Items from a dataset
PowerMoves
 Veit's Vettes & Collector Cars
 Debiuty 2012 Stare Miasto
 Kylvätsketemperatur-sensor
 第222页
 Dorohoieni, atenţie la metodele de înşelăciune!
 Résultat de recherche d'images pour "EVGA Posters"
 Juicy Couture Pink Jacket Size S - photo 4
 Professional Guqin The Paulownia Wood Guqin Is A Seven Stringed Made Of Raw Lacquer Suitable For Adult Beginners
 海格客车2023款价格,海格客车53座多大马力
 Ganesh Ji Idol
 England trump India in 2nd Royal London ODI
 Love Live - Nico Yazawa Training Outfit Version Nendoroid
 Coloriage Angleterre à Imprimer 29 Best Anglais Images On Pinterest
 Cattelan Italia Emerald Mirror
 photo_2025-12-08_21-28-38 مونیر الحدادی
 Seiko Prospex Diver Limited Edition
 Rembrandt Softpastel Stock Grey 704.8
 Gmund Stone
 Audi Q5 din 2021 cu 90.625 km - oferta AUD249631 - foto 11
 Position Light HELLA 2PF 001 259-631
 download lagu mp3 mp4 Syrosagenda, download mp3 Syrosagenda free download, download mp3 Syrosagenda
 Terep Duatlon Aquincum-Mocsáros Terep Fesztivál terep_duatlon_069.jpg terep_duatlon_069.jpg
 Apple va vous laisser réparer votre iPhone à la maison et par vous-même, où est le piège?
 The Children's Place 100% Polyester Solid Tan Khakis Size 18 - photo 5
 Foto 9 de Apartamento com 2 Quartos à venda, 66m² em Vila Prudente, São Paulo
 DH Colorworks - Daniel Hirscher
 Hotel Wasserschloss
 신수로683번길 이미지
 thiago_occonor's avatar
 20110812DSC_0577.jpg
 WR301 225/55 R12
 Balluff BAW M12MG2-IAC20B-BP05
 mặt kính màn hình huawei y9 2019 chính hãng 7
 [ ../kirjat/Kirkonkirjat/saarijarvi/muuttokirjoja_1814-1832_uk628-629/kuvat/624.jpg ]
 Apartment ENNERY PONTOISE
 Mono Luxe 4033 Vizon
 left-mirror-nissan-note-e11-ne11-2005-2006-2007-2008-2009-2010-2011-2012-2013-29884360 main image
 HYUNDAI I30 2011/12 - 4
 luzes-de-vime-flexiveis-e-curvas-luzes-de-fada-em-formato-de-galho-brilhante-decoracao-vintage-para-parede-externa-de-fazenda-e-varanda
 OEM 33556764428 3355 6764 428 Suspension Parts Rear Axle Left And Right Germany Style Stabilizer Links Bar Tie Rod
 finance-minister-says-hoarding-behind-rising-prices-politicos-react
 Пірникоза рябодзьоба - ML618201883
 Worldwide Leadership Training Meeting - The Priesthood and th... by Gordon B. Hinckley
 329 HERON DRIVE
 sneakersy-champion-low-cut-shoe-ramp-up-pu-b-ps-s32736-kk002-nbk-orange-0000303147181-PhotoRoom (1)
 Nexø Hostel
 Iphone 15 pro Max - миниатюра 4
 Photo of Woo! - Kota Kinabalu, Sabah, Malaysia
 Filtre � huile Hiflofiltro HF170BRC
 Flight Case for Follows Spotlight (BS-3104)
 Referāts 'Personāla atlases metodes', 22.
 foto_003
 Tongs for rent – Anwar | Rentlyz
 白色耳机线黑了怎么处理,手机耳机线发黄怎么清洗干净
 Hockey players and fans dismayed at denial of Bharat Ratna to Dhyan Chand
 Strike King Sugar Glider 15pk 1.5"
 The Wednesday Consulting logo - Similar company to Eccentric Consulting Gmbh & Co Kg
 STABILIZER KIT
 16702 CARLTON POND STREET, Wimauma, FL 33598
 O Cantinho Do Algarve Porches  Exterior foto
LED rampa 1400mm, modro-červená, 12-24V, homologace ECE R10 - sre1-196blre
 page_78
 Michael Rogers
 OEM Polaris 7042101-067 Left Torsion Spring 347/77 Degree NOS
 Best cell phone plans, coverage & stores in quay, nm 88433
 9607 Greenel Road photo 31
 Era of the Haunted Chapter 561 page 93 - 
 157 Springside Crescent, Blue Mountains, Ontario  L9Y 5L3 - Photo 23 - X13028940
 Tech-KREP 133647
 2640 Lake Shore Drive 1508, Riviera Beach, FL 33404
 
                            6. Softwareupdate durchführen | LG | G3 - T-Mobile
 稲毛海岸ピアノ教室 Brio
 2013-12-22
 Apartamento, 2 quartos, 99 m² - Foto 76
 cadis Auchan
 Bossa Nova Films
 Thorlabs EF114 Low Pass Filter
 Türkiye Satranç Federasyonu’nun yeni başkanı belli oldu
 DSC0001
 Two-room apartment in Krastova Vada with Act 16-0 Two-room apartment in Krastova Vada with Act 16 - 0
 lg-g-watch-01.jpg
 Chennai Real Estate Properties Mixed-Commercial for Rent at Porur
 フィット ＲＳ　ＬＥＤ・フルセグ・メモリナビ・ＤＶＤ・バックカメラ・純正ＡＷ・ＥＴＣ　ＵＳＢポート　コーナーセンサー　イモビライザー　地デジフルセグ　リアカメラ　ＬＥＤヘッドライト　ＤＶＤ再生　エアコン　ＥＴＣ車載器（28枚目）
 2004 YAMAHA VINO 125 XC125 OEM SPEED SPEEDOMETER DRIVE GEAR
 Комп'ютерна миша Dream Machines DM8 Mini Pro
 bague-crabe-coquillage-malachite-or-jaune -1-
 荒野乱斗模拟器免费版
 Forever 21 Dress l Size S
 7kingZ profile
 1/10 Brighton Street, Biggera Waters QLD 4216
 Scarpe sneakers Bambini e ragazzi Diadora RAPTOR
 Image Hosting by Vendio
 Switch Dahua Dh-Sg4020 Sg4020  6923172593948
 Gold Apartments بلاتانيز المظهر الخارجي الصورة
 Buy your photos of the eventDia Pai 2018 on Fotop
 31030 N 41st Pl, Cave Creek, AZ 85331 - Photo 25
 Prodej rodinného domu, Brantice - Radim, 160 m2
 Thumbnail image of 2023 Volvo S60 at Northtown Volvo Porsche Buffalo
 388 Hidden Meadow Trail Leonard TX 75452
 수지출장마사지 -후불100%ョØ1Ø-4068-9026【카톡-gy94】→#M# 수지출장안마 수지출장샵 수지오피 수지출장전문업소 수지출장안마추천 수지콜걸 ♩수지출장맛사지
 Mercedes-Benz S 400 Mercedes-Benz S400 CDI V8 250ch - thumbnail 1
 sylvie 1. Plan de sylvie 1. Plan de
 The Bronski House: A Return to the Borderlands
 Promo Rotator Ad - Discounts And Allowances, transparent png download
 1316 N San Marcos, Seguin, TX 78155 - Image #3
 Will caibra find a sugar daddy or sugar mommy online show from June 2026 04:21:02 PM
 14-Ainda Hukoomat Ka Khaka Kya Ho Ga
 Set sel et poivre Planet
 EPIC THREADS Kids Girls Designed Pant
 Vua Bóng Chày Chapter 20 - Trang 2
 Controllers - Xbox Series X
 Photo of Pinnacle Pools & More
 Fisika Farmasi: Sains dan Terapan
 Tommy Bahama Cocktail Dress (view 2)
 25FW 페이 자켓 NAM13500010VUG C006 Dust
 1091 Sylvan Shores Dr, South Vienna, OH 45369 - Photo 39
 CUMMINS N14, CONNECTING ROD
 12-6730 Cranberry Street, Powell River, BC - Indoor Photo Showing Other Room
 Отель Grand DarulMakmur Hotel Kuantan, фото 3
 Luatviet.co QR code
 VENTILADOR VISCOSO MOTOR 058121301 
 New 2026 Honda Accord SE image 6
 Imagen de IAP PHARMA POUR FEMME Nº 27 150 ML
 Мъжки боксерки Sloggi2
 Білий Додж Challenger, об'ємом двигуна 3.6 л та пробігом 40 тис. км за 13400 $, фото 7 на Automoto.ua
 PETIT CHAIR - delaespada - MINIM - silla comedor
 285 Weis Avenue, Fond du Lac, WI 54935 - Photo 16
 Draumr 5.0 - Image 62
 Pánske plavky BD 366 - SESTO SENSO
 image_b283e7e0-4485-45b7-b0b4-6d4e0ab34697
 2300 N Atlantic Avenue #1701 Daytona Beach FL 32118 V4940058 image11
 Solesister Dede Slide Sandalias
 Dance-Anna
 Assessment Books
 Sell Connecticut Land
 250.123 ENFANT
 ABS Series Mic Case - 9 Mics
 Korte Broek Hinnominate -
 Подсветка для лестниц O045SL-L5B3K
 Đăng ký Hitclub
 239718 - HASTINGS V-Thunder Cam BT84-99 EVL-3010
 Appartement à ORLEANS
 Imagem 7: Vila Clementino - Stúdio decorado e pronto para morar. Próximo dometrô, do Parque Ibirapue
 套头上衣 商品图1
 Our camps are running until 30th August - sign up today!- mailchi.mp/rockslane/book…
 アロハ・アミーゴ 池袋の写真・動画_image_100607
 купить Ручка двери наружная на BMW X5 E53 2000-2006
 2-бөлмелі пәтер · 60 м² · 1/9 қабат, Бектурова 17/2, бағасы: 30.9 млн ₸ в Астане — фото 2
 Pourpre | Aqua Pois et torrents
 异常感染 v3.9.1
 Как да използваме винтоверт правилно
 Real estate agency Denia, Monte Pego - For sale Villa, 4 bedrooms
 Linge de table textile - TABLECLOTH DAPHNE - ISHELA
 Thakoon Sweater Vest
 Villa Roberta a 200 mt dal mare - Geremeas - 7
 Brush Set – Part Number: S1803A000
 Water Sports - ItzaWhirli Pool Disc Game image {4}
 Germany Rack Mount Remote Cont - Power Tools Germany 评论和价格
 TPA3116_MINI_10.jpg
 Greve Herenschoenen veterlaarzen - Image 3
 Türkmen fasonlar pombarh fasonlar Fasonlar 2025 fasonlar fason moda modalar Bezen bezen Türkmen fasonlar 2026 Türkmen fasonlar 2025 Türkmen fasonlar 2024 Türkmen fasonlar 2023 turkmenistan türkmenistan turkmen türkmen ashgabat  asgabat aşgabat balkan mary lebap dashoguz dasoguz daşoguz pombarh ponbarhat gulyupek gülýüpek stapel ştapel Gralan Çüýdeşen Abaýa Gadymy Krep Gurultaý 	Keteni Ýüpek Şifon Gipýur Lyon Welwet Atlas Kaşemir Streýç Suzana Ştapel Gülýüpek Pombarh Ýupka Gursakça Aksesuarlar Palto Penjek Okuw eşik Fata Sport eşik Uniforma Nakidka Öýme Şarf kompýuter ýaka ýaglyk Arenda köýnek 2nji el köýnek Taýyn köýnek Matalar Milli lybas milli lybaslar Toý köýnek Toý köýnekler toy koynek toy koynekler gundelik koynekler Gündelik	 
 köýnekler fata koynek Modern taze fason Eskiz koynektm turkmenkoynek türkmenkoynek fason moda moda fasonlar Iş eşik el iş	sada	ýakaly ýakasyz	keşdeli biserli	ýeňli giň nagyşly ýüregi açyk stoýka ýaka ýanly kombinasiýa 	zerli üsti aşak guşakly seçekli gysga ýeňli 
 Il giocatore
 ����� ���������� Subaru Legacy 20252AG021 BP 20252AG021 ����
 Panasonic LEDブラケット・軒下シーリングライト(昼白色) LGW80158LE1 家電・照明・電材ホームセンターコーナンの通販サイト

WHAT TO PRODUCE: Your answer must consist solely of the lines from the top of the entries above through the line containing "Foto 9 de Apartamento", copied exactly, both ends included.

ANSWER SPACE:
PowerMoves
 Veit's Vettes & Collector Cars
 Debiuty 2012 Stare Miasto
 Kylvätsketemperatur-sensor
 第222页
 Dorohoieni, atenţie la metodele de înşelăciune!
 Résultat de recherche d'images pour "EVGA Posters"
 Juicy Couture Pink Jacket Size S - photo 4
 Professional Guqin The Paulownia Wood Guqin Is A Seven Stringed Made Of Raw Lacquer Suitable For Adult Beginners
 海格客车2023款价格,海格客车53座多大马力
 Ganesh Ji Idol
 England trump India in 2nd Royal London ODI
 Love Live - Nico Yazawa Training Outfit Version Nendoroid
 Coloriage Angleterre à Imprimer 29 Best Anglais Images On Pinterest
 Cattelan Italia Emerald Mirror
 photo_2025-12-08_21-28-38 مونیر الحدادی
 Seiko Prospex Diver Limited Edition
 Rembrandt Softpastel Stock Grey 704.8
 Gmund Stone
 Audi Q5 din 2021 cu 90.625 km - oferta AUD249631 - foto 11
 Position Light HELLA 2PF 001 259-631
 download lagu mp3 mp4 Syrosagenda, download mp3 Syrosagenda free download, download mp3 Syrosagenda
 Terep Duatlon Aquincum-Mocsáros Terep Fesztivál terep_duatlon_069.jpg terep_duatlon_069.jpg
 Apple va vous laisser réparer votre iPhone à la maison et par vous-même, où est le piège?
 The Children's Place 100% Polyester Solid Tan Khakis Size 18 - photo 5
 Foto 9 de Apartamento com 2 Quartos à venda, 66m² em Vila Prudente, São Paulo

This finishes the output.